Liquidity and Capital Resources

         The Company's cash, cash equivalents and investments amounted to
$8,930,386 at September 30, 2001, compared to $17,304,757 at December 31, 2000.
The net cash used in the Company's operating activities was $3,853,748 for the
nine months ended September 30, 2001 and was primarily for the further
development of product applications, the funding of research and development
activities and sales efforts, and the funding of inventories, which was offset
by a reduction in trade receivables and an increase in accounts payable.
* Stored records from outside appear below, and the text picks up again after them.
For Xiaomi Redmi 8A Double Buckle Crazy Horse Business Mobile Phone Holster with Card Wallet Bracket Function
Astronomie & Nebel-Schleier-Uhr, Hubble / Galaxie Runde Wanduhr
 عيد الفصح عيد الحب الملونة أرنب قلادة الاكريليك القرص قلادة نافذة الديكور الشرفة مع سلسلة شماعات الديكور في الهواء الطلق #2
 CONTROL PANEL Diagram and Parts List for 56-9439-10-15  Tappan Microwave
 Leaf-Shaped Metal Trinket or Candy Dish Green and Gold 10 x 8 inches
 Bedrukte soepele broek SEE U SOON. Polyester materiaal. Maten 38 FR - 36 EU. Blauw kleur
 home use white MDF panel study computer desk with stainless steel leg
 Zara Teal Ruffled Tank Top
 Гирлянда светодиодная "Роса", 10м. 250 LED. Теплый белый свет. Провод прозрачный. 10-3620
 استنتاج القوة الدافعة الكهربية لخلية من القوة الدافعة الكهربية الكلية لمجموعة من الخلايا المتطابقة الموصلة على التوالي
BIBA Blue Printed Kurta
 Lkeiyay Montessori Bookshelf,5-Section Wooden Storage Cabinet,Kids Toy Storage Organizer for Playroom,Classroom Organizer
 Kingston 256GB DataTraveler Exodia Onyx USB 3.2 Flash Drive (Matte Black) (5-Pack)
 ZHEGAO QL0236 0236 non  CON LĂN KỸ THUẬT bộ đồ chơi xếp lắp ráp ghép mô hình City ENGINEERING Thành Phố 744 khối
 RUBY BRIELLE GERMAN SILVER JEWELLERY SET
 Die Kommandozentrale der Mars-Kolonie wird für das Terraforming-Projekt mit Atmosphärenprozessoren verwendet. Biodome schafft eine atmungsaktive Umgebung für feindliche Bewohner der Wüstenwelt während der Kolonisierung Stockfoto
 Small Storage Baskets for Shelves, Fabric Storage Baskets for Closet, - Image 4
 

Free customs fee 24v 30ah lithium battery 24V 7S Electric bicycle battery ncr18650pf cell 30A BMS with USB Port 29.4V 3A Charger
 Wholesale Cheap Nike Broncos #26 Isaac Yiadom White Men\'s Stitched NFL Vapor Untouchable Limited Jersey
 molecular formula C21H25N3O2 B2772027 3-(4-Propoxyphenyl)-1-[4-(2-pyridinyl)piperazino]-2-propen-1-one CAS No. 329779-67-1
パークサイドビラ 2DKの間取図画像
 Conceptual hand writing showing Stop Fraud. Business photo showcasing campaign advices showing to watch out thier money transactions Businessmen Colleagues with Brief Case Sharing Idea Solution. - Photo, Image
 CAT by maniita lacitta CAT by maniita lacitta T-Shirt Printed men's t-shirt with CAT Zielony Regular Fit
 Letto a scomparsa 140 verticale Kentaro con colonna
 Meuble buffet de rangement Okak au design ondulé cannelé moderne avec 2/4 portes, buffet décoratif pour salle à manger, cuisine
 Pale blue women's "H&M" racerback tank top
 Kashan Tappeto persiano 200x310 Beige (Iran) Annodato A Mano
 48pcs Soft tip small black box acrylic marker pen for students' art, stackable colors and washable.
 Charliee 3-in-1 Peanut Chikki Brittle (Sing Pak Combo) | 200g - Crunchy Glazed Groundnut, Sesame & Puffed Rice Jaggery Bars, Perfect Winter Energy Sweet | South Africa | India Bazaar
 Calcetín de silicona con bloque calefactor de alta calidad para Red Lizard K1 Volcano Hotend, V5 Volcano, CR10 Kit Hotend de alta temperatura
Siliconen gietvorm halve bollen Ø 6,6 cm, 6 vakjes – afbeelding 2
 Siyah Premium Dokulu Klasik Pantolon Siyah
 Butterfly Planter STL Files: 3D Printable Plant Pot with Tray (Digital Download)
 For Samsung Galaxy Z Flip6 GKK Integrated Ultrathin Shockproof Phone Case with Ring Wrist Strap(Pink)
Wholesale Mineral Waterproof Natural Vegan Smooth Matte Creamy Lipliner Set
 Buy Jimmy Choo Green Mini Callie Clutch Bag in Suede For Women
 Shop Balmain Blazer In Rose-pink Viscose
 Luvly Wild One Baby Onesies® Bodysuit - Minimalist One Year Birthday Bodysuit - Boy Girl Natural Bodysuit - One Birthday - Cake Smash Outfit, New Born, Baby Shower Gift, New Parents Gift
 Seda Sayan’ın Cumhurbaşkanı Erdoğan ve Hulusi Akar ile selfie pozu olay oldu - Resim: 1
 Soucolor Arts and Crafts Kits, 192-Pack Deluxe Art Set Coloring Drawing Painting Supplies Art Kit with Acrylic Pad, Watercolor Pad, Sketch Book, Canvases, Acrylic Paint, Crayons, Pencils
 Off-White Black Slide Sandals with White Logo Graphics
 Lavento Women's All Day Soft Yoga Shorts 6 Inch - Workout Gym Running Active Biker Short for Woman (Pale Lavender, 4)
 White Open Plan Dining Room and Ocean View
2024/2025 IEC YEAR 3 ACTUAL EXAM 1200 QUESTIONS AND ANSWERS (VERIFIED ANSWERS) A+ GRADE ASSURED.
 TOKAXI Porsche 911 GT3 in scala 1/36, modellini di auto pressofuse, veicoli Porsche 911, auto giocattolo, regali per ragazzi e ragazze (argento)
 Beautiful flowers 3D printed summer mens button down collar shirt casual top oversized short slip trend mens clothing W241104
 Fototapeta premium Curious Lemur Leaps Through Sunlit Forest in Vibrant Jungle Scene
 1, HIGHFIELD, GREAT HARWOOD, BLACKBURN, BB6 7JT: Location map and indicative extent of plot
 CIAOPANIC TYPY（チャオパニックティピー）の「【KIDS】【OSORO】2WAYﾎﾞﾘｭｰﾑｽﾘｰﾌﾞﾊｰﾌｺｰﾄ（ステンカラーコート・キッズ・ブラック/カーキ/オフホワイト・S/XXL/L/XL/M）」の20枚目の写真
Net
cash provided by investing activities, which is due to maturities of securities
largely offset by capital expenditures and purchases of securities, amounted to
$3,110,516 for the nine months ended September 30, 2001. Capital expenditures,
primarily related to the build out of the Company's new pilot manufacturing and
powder blending facilities within its Romeoville, Illinois facility and further
expansion of the Company's existing manufacturing facility in Burr Ridge,
Illinois and the purchase of related operating equipment, amounted to $5,442,595
for the nine months ended September 30, 2001. Net cash provided by financing
activities, which related to a loan from a customer and other financing
agreements, and the issuance of shares of Common Stock pursuant to the exercise
of options, offset to some extent by principal payments on debt obligations
amounted to $921,972 for the nine-month period ended September 30, 2001 compared
to $1,277,861 for the same period in 2000. Net cash provided by financing
activities for the same period in 2000 related only to the issuance of shares of
Common Stock pursuant to the exercise of options and warrants.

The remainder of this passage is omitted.